- Etymology: Olemake is Coast Miwok, Arroyo Olemus Loke a mix of Miwok and Spanish
- Native name: Olemaloke (Coast Miwok)

Location
- Country: United States
- State: California
- Region: Marin County, California

Physical characteristics
- Source: Western slope of Bolinas Ridge
- • location: 2.5 mi (4 km) southwest of Gilroy
- • coordinates: 37°58′37″N 122°42′27″W﻿ / ﻿37.97694°N 122.70750°W
- • elevation: 1,350 ft (410 m)
- Mouth: Confluence with Lagunitas Creek, 2.5 miles (4.0 km) south of Tomales Bay
- • location: Southwest Point Reyes Station, California
- • coordinates: 38°03′51″N 122°48′40″W﻿ / ﻿38.06417°N 122.81111°W
- • elevation: 3 ft (0.91 m)
- Length: 9 mi (14 km)

= Olema Creek =

Stream in California, US

Olema Creek is a 12.7 mi northwestward-flowing stream originating on the western flank of Bolinas Ridge, which is part of the Marin Hills, part of the Pacific Coast Ranges mountain system in California, United States. Olema Creek flows to Lagunitas Creek and thence to Tomales Bay and the Pacific Ocean.

==History==
Olema is probably the name of a Coast Miwok village named "Olemos" or "Olemus" in the baptismal records of Mission Dolores after 1802.

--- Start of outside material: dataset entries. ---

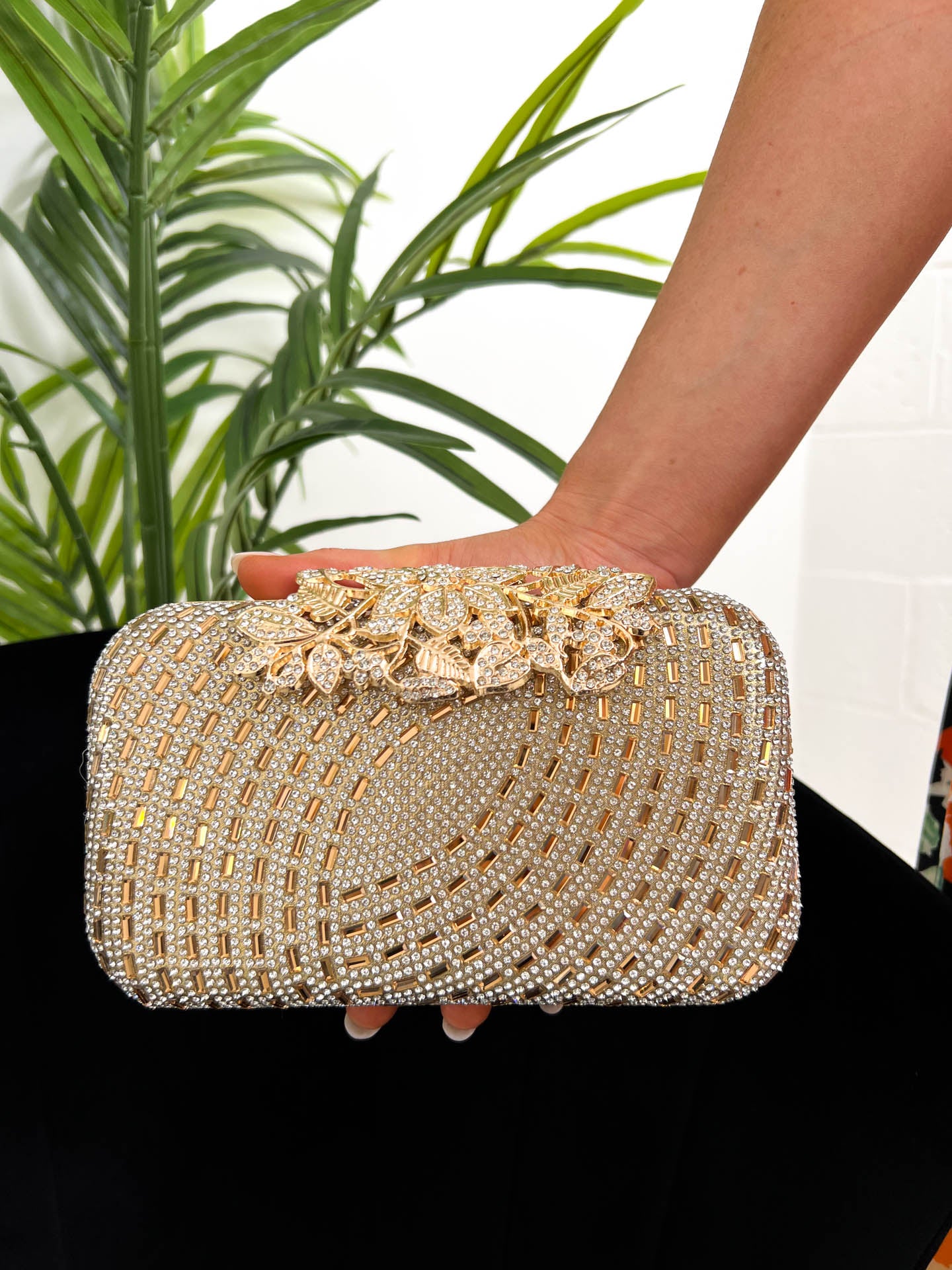 The Stella - Diamante Leaf Clutch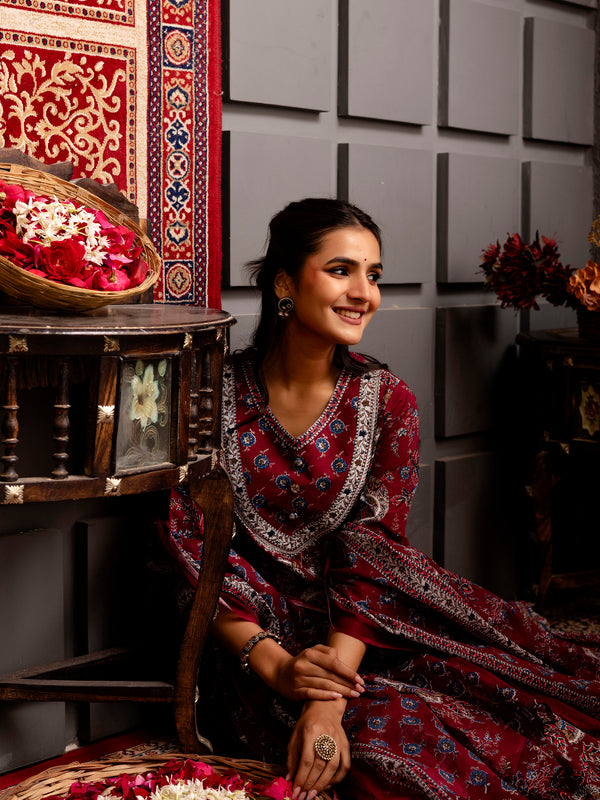 Cotton Calf Length Printed Flared V-Neck Kurta Suit Set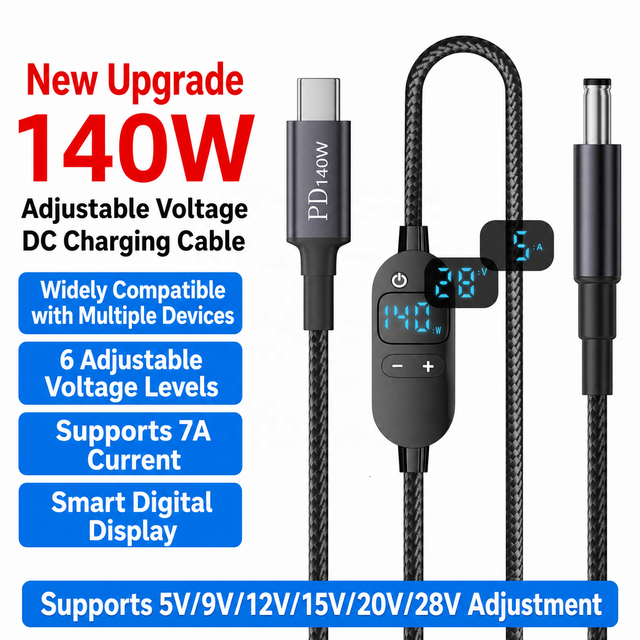 140W USB C to DC Power Cable 140W Type C to 5V 9V 12V 15V 20V 28V Adjustable Voltage Adapter Connector Cable for Laptop Routers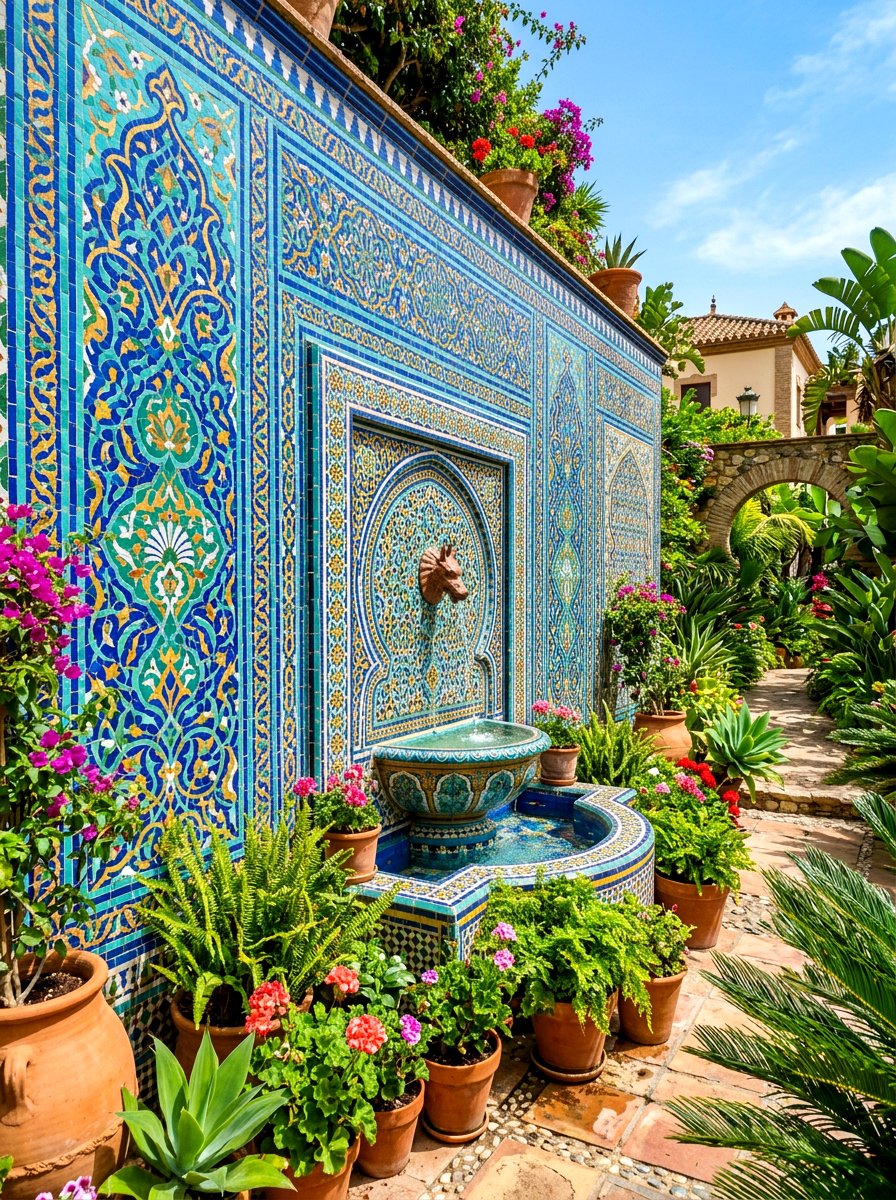 Decorative Tile Wall - 30 garden wall ideas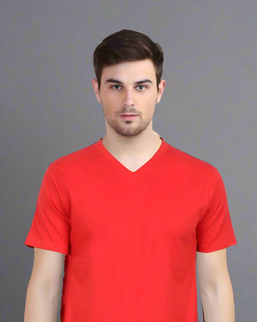 Men's Solid V-Neck Cotton T-Shirt Red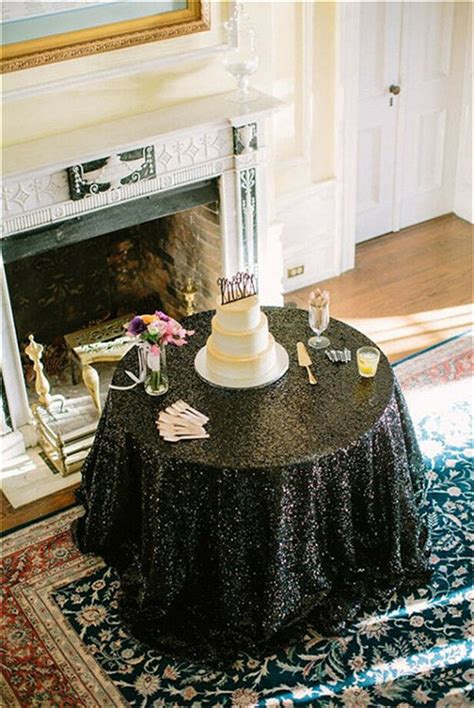 Geometric tablecloth cotton linen square rectangle home dining table cloth cover. 96'' Round Black Sequin Tablecloth Wedding Beautiful ...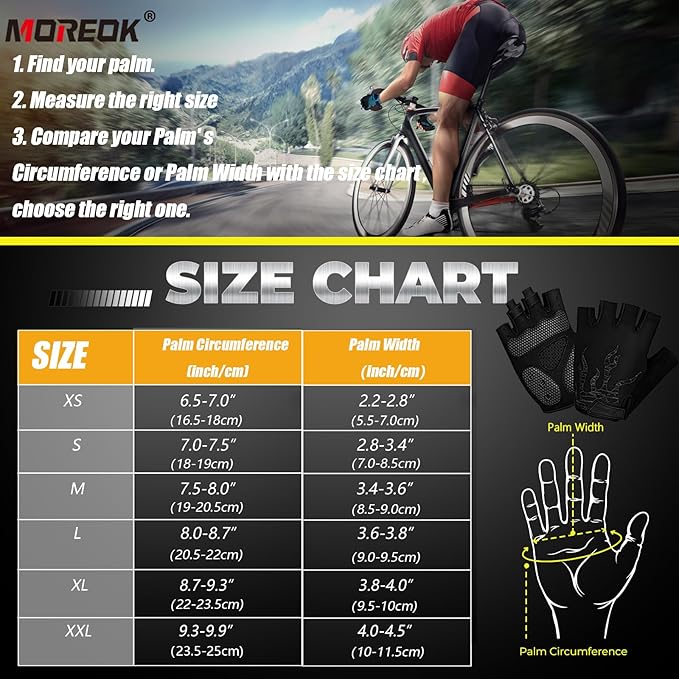 MOREOK Cycling Gloves Bike Gloves for Men/Women-[5MM Gel Pad] Half Finger Bicycle Biking Gloves for Cycling/Weight Lifting/Gym/Motorcycle/Rowing/Outdoor Sports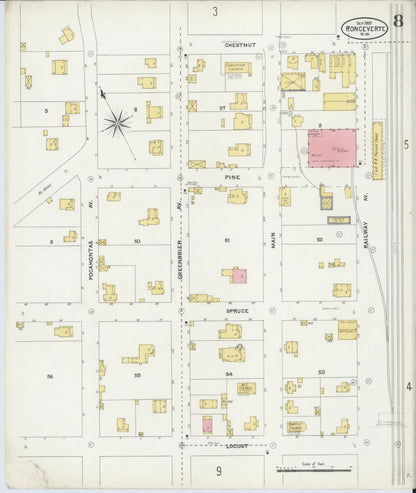 Sanborn Fire Insurance Map from Ronceverte, Greenbrier County, West Virginia (1905), Sheet #0008 - Complete Map Set gallery image, historic Sanborn map, vintage wall art, West Virginia West Virginia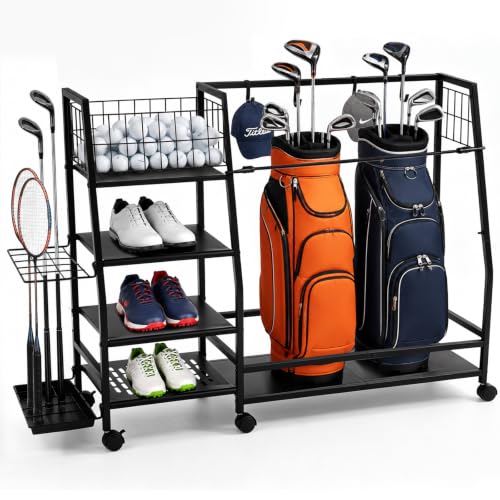 Golf Bag Storage Rack, Heavy Duty Golf Organizer with 4 Storage Zones & Lockable Wheels, Multi-Function Golf Bag Stand for Garage Basement Golf Club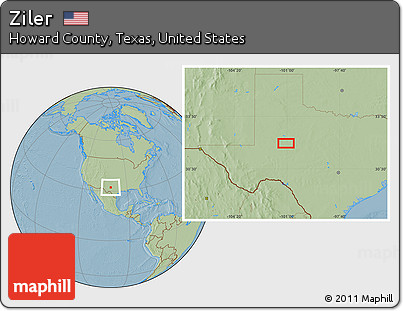 Savanna Style Location Map of Ziler, hill shading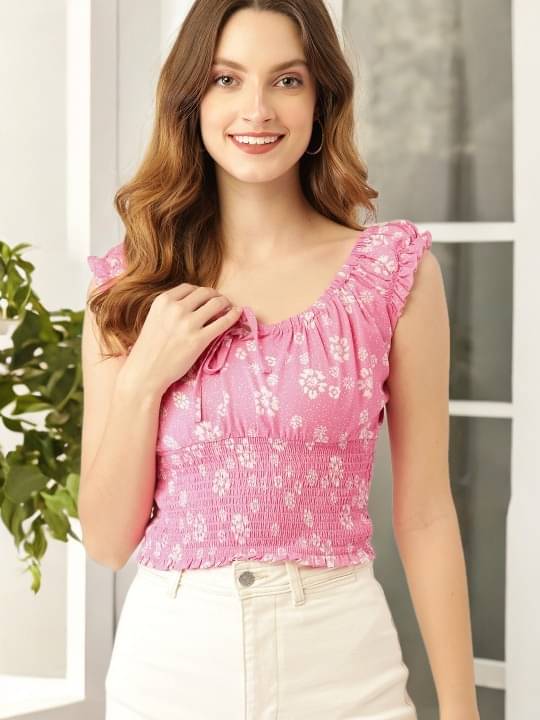 Anjir Women's Polyester Regular Top ( Pink ) Anjir Women's Polyester Regular Top ( Pink )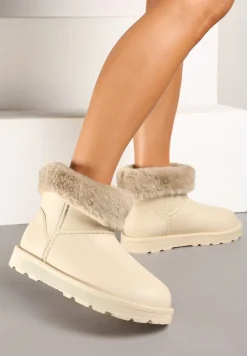 Beżowe Śniegowce na Płaskiej Podeszwie z Futerkiem Linnearia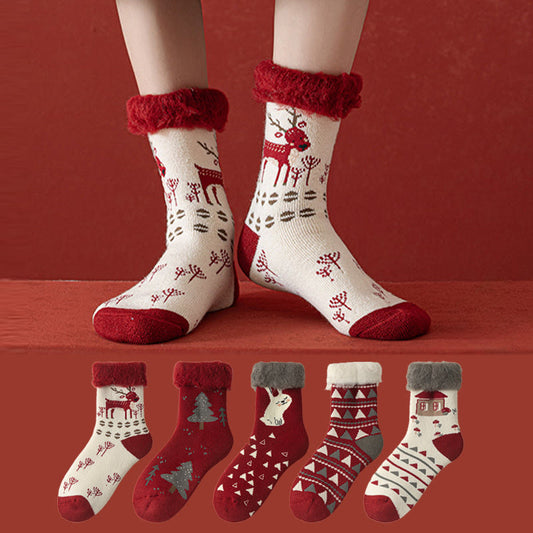 Plusock Reindeer Rabbit Thick Quarter Socks(3 Pairs) - image 0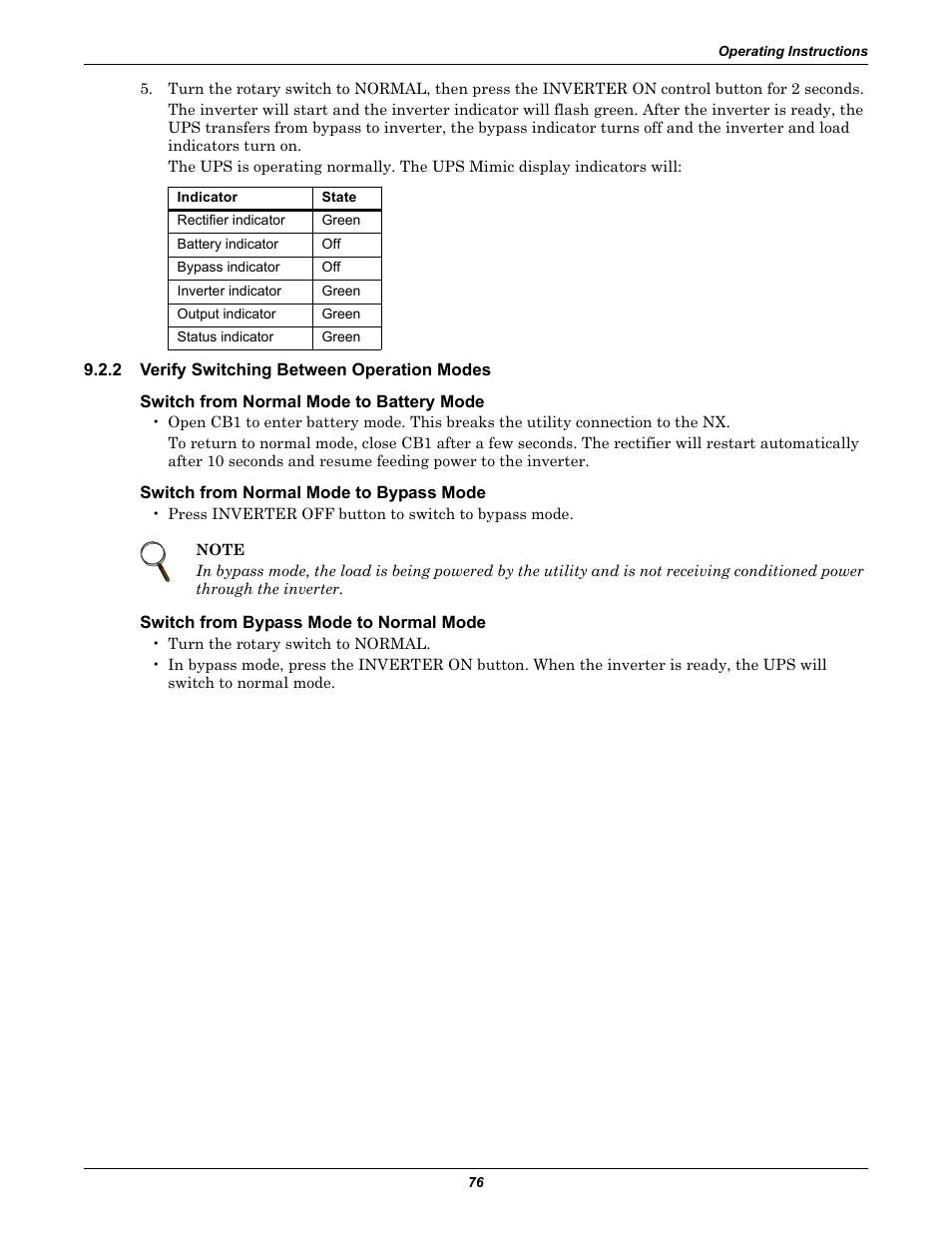 2 verify switching between operation modes, Switch from normal mode to battery mode, Switch from normal mode to bypass mode | Switch from bypass mode to normal mode, Verify switching between operation modes | Emerson Liebert NX 10-30kVA User Manual | Page 84 / 112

== Watershed and Course ==
The Olema Creek watershed is 14.7 sqmi, and is the largest undammed tributary of Lagunitas Creek. It flows northwesterly through the Olema Valley along the San Andreas Fault Zone. The creek flows through the small towns of Five Brooks, Olema, and Point Reyes Station where Olema Creek ends at its confluence with Lagunitas Creek.

== Ecology and Conservation ==
The Olema Creek watershed is 99% on National Park Service lands, although 56% of this is under grazing leases.

Olema Creek hosts anadromous coho salmon (Oncorhynchus kisutch) which are federally endangered Central California Coast coho salmon evolutionary significant unit ESU, and steelhead trout (Oncorhynchus mykiss) which are federally threatened Central California Coast Steelhead distinct population segment (DPS). Nineteen percent of the coho salmon spawning in the Lagunitas Creek watershed takes place in Olema Creek. Olema Creek coho salmon were used to genetically rescue Russian River coho salmon suffering from inbreeding depression, resulting in higher fitness of this endangered salmonid in the Russian River.

Olema Creek also hosts multiple other listed species: California freshwater shrimp (Syncharis pacifica), tidewater goby (Eucyclogobius newberryi) and California red-legged frog (Rana draytonii).

The downstream reach of Olema Creek historically meandered through the Olema marsh until the early 1920s. Presently, the channel of Olema Creek is incised several meters below its floodplain, likely triggered by artificial straightening of the channel near its mouth, increasing its gradient.